JEP draft: Lazy Static Final Fields
Owner | John Rose |
Type | Feature |
Scope | JDK |
Status | Draft |
Component | tools |
Created | 2018/08/25 06:49 |
Updated | 2021/11/05 21:51 |
Issue | 8209964 |
Summary
Expand the behavior of final variables to include optional lazy evaluation patterns, in language and JVM. In doing so, extend Java's pre-existing lazy evaluation mechanisms to per-variable granularity, from its current per-class granularity.
Motivation
Java uses lazy evaluation pervasively. Almost every linkage operation
potentially triggers a lazy evaluation, such as the execution of a
<clinit>
method (class initializer bytecode) or invocation of a
bootstrap method (for an invokedynamic
call site or
CONSTANT_Dynamic
constant).
Class initializers are coarse-grained compared to mechanisms using bootstrap methods, because their contract is to run all initialization code for a whole class, rather than some initialization that may pertain to a particular field of that class. Such coarse-grained initialization effects make it especially difficult to predict and isolate the side effects of using one static field from the class, since computing the value of one field entails computation of all static fields in the same class.

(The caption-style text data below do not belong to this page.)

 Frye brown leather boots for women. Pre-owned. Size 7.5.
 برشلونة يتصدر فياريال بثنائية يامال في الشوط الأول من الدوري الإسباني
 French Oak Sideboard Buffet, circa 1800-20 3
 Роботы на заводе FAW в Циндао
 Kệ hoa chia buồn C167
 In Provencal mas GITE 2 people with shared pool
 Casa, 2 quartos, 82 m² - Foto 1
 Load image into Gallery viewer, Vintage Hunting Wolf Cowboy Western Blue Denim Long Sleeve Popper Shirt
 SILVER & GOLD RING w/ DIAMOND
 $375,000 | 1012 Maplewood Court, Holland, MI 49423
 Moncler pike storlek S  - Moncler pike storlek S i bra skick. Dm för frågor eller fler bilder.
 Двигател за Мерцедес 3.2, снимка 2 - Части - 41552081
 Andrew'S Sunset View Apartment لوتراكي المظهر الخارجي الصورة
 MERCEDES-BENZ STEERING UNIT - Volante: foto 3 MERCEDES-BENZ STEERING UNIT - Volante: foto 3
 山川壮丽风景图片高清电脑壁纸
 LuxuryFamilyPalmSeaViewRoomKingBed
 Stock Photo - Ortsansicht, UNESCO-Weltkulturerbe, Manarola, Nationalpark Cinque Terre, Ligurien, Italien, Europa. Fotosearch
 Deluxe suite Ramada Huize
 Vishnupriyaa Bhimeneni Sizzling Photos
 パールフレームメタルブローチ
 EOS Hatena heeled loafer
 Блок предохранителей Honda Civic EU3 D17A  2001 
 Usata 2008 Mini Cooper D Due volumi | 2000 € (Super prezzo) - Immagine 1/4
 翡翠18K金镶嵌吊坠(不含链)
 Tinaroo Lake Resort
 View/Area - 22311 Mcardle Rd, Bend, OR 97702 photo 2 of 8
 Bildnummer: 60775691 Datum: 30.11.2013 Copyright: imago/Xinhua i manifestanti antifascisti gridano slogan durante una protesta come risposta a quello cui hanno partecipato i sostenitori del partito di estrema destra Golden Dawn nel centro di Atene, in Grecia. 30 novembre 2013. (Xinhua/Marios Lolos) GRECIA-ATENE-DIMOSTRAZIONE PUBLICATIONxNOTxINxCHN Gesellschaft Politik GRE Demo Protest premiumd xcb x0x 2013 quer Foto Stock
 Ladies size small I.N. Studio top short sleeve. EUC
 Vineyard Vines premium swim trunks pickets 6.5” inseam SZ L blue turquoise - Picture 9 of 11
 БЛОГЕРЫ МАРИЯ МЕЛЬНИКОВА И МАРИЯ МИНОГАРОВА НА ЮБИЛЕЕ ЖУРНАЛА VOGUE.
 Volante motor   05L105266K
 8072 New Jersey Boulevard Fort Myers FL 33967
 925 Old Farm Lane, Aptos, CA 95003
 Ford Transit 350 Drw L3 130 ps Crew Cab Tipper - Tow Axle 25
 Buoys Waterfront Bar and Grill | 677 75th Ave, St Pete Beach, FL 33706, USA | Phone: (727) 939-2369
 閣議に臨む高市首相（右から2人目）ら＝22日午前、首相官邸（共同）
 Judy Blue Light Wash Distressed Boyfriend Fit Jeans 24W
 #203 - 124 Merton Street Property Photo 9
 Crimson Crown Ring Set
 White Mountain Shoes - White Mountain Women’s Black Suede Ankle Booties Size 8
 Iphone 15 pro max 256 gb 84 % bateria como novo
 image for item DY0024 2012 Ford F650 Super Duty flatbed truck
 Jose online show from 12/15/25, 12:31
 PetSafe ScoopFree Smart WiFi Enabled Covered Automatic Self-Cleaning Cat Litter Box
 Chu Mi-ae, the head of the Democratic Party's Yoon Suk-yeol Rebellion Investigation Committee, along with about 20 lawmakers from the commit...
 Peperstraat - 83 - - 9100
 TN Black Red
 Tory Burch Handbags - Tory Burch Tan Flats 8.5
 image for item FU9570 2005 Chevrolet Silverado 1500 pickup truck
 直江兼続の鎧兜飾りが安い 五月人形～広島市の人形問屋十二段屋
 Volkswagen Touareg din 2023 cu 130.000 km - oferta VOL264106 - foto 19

So touching one field touches them all. In AOT compilers, this makes
it difficult to optimize a static field reference, even if the field
has a clearly analyzable constant value. It only takes one
extra-complicated static field in a class to make all fields
non-optimizable. A similar problem appears with proposed mechanisms
for constant-folding (at javac
time) constant fields with complex
initializers.
As an example of an extra-complicated static field initialization, which in some codebases appears in almost every file, consider logger initialization:
private final static Logger LOGGER = Logger.getLogger("com.foo.Bar");
This harmless-looking initialization triggers a tremendous amount of behind-the-scenes activity at class initialization time – though it is unlikely that the logger is needed at class initialization time, or even at all. Deferring the creation to first use would streamline initialization, and might result in optimizing away the initialization entirely.
Final variables are very useful; they are the main mechanism for Java
APIs to denote constant values. Lazy variables are also well-proven.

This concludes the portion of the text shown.